A Short History of the Shadow
Farrar, Straus and Giroux, $20 (cloth)
“The iconic book in my life, the work toward which all my work has aspired, is the Confessions of St. Augustine,” says Charles Wright. “It is that kind of autobiography, in a more temporal—though no less spiritual—sense . . . that my poems want to describe.” Wright’s fifteenth book, A Short History of the Shadow, conveys this mix of the spiritual and the temporal—or more clearly, the sense of the spiritual or divine in the temporal, the unseen in the seen—whether in the landscape of Italy or in his home base of Charlottesville, Virginia. Wright has not shifted gears abruptly in recent volumes but rather continued the conversation, moved the “journey along,” generally jump-starting his poems with a simple image or observation, asking the questions, often without assuming that there are answers: “What can I possibly see back here that I haven’t seen before / Is landscape, like God, a Heraclitean river? Is language a night flight and sea-change?” Although wonderfully insouciant images—“April’s agnostic and nickel-plated skin deep, / Glitter and bead spangle, haute couture, / The world its runway, slink-step and glide”—occasionally play off against understated jazz riffs, the overall tone of A Short History is quiet, meditative, reflecting a subtle evolution in Wright’s work. He is further along into “late middle age,” and the volume, characterized by Wright’s meticulously crafted lines and signature prosodic sense contemplates the urgency of time.
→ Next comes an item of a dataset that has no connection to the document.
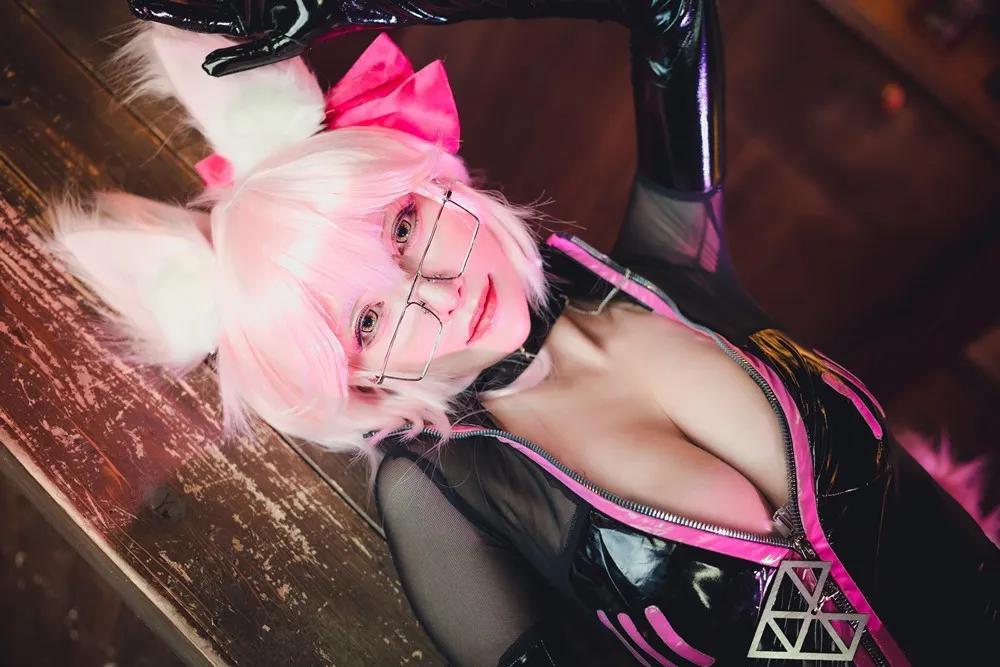 [零崎沙耶] 光のコヤンスカヤ(165)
Wright’s heightened use of anaphora in poems such as “Charlottesville Nocturne” or the powerful “Night Rider” momentarily suggest the poem as prayer, while other poems simultaneously imply that it is “a kind of believing without belief that we believe in.” Yet as Wright concludes in “Body and Soul,” language, poetry itself, may point the way”: “I used to think the power of words was inexhaustible / . . . / That words were the Word, / That language could lead us inexplicably to grace / . . . / I used to think these things when I was young / I still do.”